Thermal conductivity of molecular crystals of monoatomic alcohols: from methanol to butanol

Abstract

Experimental data on the thermal conductivity κ(T) of some simple alcohols have been compared, analyzed and generalized. The objects of investigation were methyl, protonated and deuterated ethyl, 1-propyl and 1-butyl alcohols in the thermodynamically equilibrium phase with a complete orientational order. The temperature interval was from 2 K to the melting point under the equilibrium vapor pressure. It is found that in the region above the temperature of the maximum thermal conductivity κ(T) deviates from the 1/Т law.
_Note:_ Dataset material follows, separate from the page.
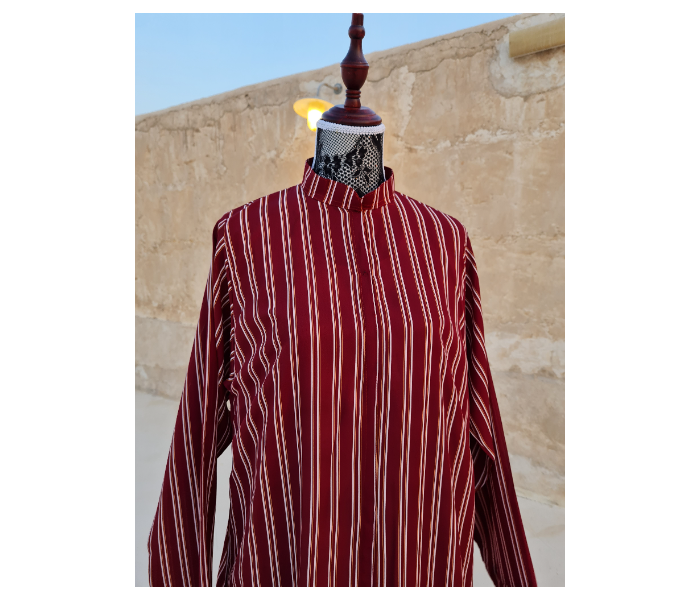 Casting Pearls ILHAM Formal Wears Small Street Style Abaya With Maroon Outer Stripes - Maroon - Zoom Image 3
This is because the total thermal conductivity has an extra contribution κII(T) of short-lived phonons in addition to κI(T) contributed by propagating phonons: κ(T) = κI(T) + κII(T). The contribution κI(T) is well described by the Debye–Peierls model allowing for the phonon–phonon processes and scattering of phonons by dislocations. At Т > 40 K the contribution κI(T) obeys the law A/Т and κII(T) is practically temperature-independent. It is shown that the Debye temperature ΘD of alcohol is dependent on the molecular mass as ΘD = 678М⁻⁰.⁴² K and the coefficient А characterizing the intensity of the phonon–phonon scattering increases with the molecular mass of the simple monoatomic alcohol by the law А = 0.85М⁰.⁸ W/m, which suggests a decreasing intensity of the phonon–phonon process.